Although I cannot help you in sourcing a builder for the coil that you
describe in your post, I must say that this is the first that I have even
heard of a science themed museum in the OKC area. The best science museum
that I have had the pleasure of visiting so far, by far, is the science
museum in St. Louis. Being in the Memphis area, OKC would easily be within a
day's drive from me, just like St. Louis, though. I'll have to make a note
of that should I travel through Oklahoma in the future.
Although it has been a good number of years since I have been to the St.
Louis Science Museum (early 2000's, I believe), I do recall them having a
similar sized, SG driven Tesla coil set up in an elevated and (grounded)

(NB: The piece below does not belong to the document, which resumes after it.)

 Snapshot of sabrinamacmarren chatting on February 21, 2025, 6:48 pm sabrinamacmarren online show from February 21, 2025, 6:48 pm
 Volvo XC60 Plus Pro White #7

caged room pretty near to the main entrance. It ran on an intermittent and
low duty cycle as well and its distinctive sound would catch your attention
as you came through the main entrance (if your entrance was timed just
right).
David
----- Original Message -----
From: "Steve White" <steve.white1@xxxxxxxxx>
To: "Tesla Coil List" <tesla@xxxxxxxxxx>
Sent: Friday, May 25, 2018 10:57 PM
Subject: [TCML] OKC Science Museum Tesla Coil
I was visiting my mother in Oklahoma City a few weeks ago. While there, I
visited the Oklahoma City Science Museum. The museum had a medium-sized
tesla coil enclosed in a plexiglass room. It could be operated about once a
minute for about 10 seconds. The secondary appeared to be about 4 feet tall
and about 4 inches in diameter. It had a toroid that looked like about 4" x
12". The capacitors appeared to be a bank of doorknob capacitors. It used
some kind of static spark gap which was not visible. It also had what
appeared to be the biggest NST that I have ever seen as the power source.
Spark length into free air was about 2 feet.
Does anyone know who built this coil?